- [Task statement]
Please reproduce all the data exactly as written and omit the pictures.

- [Data segment]
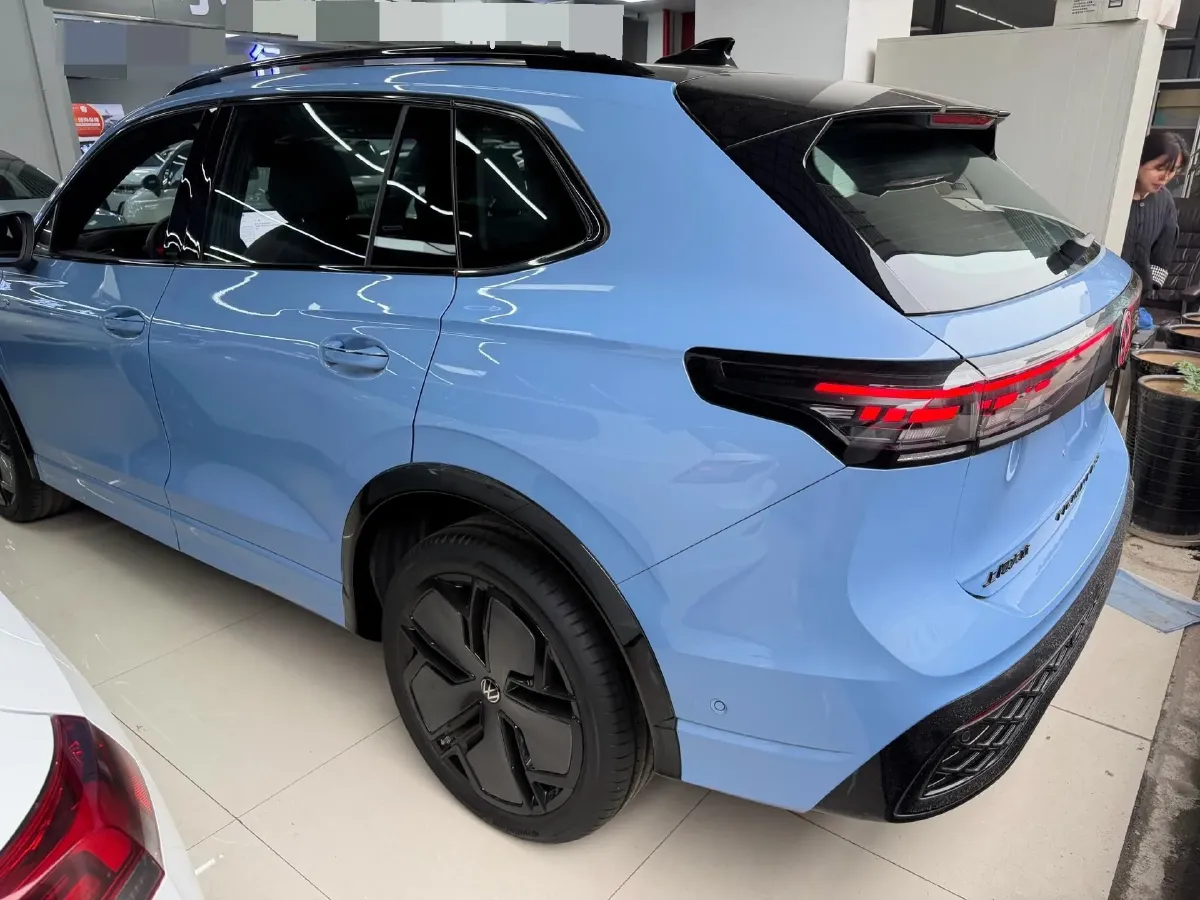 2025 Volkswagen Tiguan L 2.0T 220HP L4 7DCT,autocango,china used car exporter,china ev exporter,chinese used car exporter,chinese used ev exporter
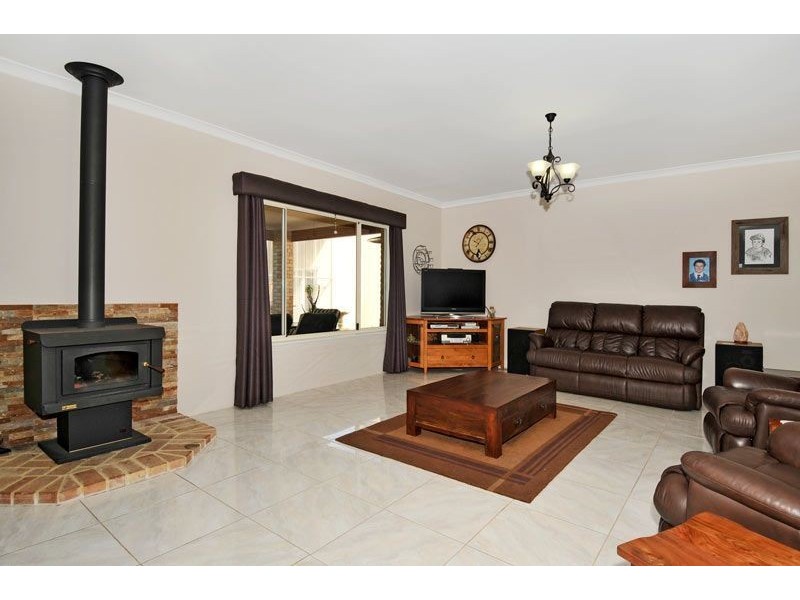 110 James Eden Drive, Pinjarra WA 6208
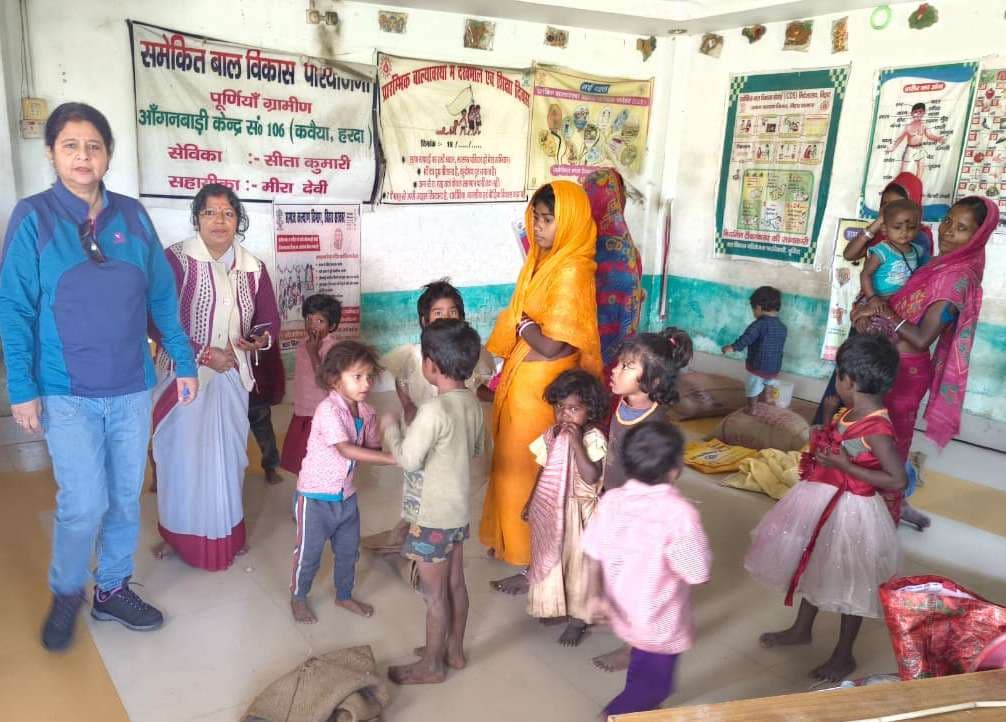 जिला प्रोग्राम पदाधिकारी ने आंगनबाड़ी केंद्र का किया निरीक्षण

- [Your solution]
 2025 Volkswagen Tiguan L 2.0T 220HP L4 7DCT,autocango,china used car exporter,china ev exporter,chinese used car exporter,chinese used ev exporter
 110 James Eden Drive, Pinjarra WA 6208
 जिला प्रोग्राम पदाधिकारी ने आंगनबाड़ी केंद्र का किया निरीक्षण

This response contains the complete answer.